Apollo Global Management Inc. said it is evaluating a possible cash offer for Pearson Plc, the London-based education and publishing company that’s been undergoing a long and rocky turnaround effort.

Shares of Pearson, which has a market capitalization of 5.9 billion pounds ($7.7 billion), jumped as much as 26 percent to 818 pence, the biggest intraday increase in 22 years. Its stock had risen earlier in the morning following a report on the Betaville blog about a possible approach for the company.

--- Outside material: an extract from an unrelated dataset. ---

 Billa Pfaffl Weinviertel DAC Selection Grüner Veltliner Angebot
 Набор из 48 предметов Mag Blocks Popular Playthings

Pearson has been battling a decline in its traditional business of college publishing. Chief Executive Officer Andy Bird, a former Walt Disney Co. executive who took over in October 2020, has focused on direct-to-consumer digital opportunities by launching a new app called Pearson+.

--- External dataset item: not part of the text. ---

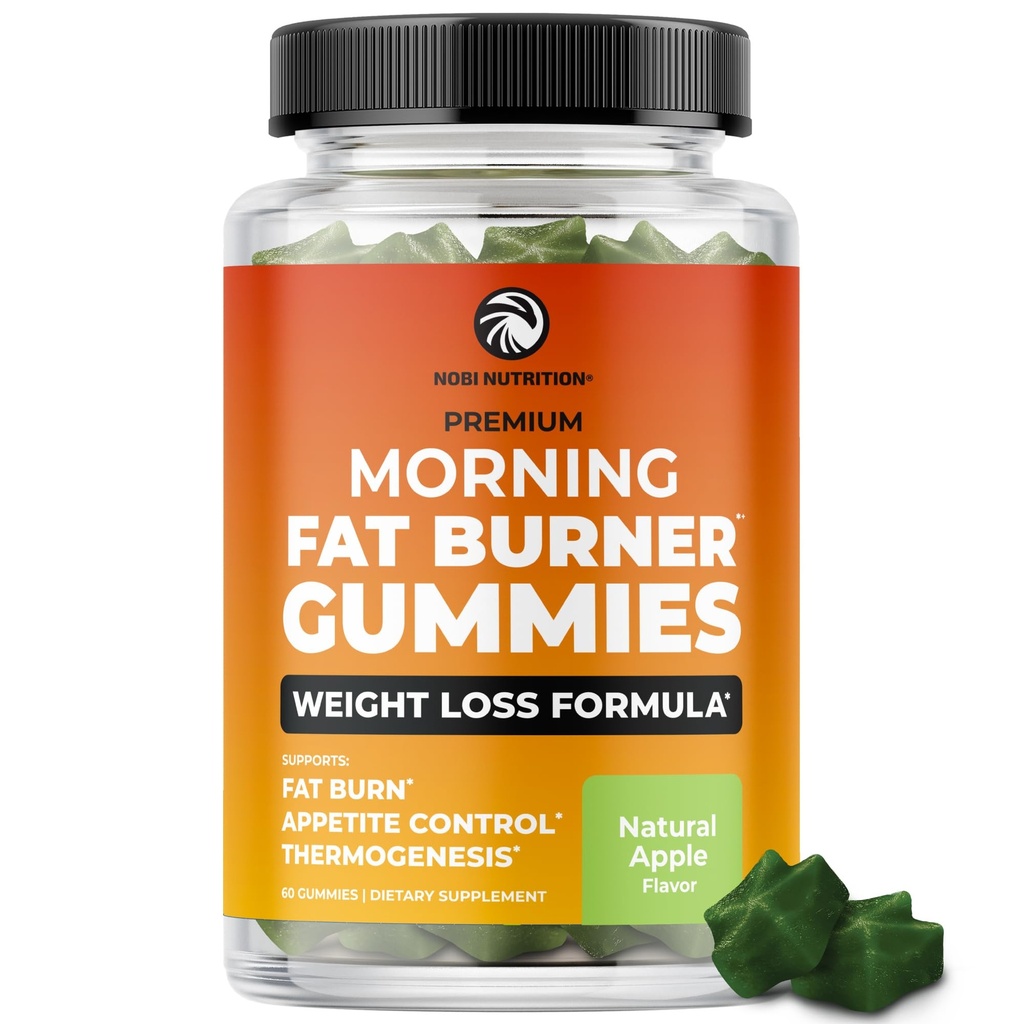 Mañana Fat Burner Gummies ← Pérdida de Peso para Mujeres &amp; Hombres ← Appetite Suppressant &amp; Metabolism Booster ¦ Thermogenic Belly Fat Burner with Green Tea, Garcinia, Green Coffee Bean &amp; More ← 60 Gummies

Meanwhile Europe’s largest activist investor, Cevian Capital AB, has been gradually increasing its stake in Pearson since June 2020. It currently owns 10.2 percent, according to a company filing. That makes it Pearson’s largest shareholder, according to Bloomberg data.

That gives Cevian the power to block any approach from Apollo as U.K. takeover rules require 90 percent shareholder approval for any delisting, according to John Davies, senior analyst at Bloomberg Intelligence.

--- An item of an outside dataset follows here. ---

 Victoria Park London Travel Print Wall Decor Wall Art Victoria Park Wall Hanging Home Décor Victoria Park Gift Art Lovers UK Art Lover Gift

Representatives for Pearson and Cevian didn’t immediately respond to requests for comment.

What Bloomberg Intelligence Says

Apollo Global’s potential cash offer for Pearson makes sense to us — with the 2012-21 ownership of smaller rival McGraw-Hill affording it the relevant experience to judge the worth of its market-leading U.S. higher education business — though a successful bid would need to significantly top Cevian Capital’s (10.2 percent holder) average 570 pence-a-share price.

–John Davies, senior BI telecom, media and internet analyst

Apollo now has until the end of April 8 to announce a firm intention to make an offer or to withdraw, according to U.K. takeover rules. The firm said in a statement there is no certainty if an offer will be made or what the terms might be.

Were it to proceed, this wouldn’t be Apollo’s first foray into the sector: it bought Pearson’s biggest U.S. competitor McGraw-Hill Education Inc., and attempted to merge it with another publisher, Cengage Learning Inc. That deal faced competition concerns, and Apollo then sold McGraw to rival buyout firm Platinum Equity in June last year.

Given the failed attempt at consolidating the industry, Apollo could take the opposite approach and explore a breakup, Davies said.

“They could maybe take more chunks off Pearson than has currently been done,” he said. “It’s not entirely obvious what synergies between some of the businesses are, apart from being in education.”

Apollo was advised by Barclays Bank.